Absolute Brightness is one of the most hyped YA novels of the year so far, and after reading it, I'm sorry to say that I was not impressed.
The plot: In Neptune, New Jersey, Phoebe Hertle's quiet, literary, relatively normal life is shaken up by the arrival of her flamboyant cousin Leonard. Leonard is anything but normal and for some time, Phoebe can't stand to be around him. Leonard's comfort in himself, however, inspires the women of the town of Neptune to be their more stylish selves. Phoebe gets used to Leonard's colorful ways until the day he disappears. Weeks later his body is found in a nearby lake, and Neptune's biggest murder mystery unfolds.
Why the book didn't work: It's too long. I know that sounds like a stupid reason for the book's failures, but that's the short of it. There are so many plotlines that get tangled and ultimately forgotten that the story as a whole is unsatisfying at the end. The language is monotonous and stilted and Phoebe seems so dispassionate, so distanced from herself and the situations around her that the reader has a difficult time caring about her or anyone else in her life. The author is trying to squeeze in too many lessons about tolerance and yes, it is possible to feel squeezed in a 400+ page book. Better editing and pacing, and snipping of a few plotlines, could have improved this book a lot.
Editing to add: I do some editing of friends' short stories, just for fun, and one of the first things I always end up telling them is to show and not tell. This book had way more telling than showing, and that was a big factor in its failure.

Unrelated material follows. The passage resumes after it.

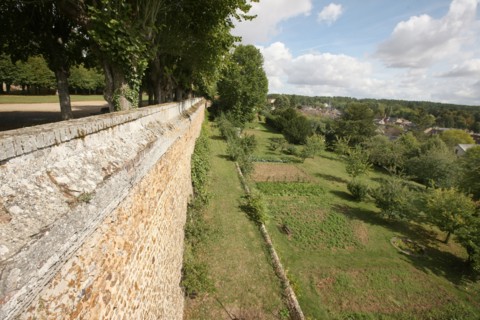 France, Basse Normandie, orne, pays d'avre et d'iton, tillieres sur avre, panorama sur le village depuis la terrasse du chateau, jardin public,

Sometimes it's the small details that are the most bothersome, so to me this was the most badly memorable moment of the book.
Page 210: When someone saw Dad pumping gas into Chrissie's Honda Civic down at the Mobil station on Division Street, Mom held to the idea that her husband was just being a Good Samaritan.
Because everyone who lives here knows...you can't pump your own gas in New Jersey. (And no, Phoebe's dad does not work at a gas station.)
The other thing I found odd were the blurbs on the back of the book from Eve Ensler, Michael Cunningham, Armistead Maupin, and Duncan Sheik. All brilliant minds in their own right, yes, but none of them are known for writing books/plays/movies aimed at a YA audience. I wonder why these particular people were asked to blurb the book.
Ah well. With books, you win some and you lose some. On to the next title.